:: Stored data ::
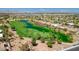 Scenic aerial view of the lush golf course and serene lake within the Siena community at 4980 Pensier St, Las Vegas, NV 89135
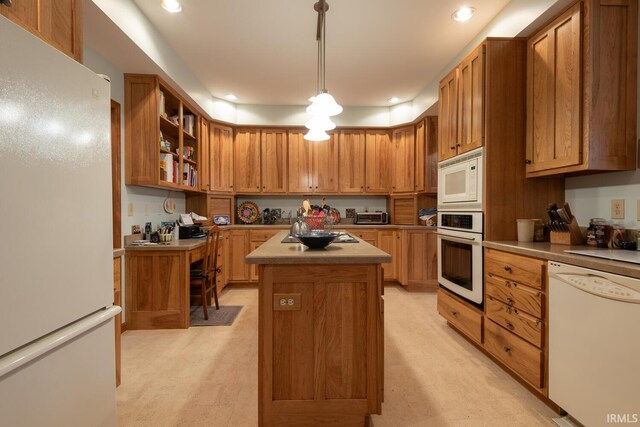 kitchen with recessed lighting, white appliances, a kitchen island, brown cabinetry, and pendant lighting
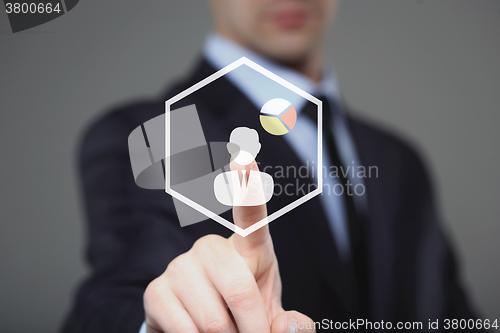 Image of Businessman Touching a Graph Indicating Growth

:: Work task ::
Print the data once more without any change, skipping each picture.

:: Reply ::
 Scenic aerial view of the lush golf course and serene lake within the Siena community at 4980 Pensier St, Las Vegas, NV 89135
 kitchen with recessed lighting, white appliances, a kitchen island, brown cabinetry, and pendant lighting
 Image of Businessman Touching a Graph Indicating Growth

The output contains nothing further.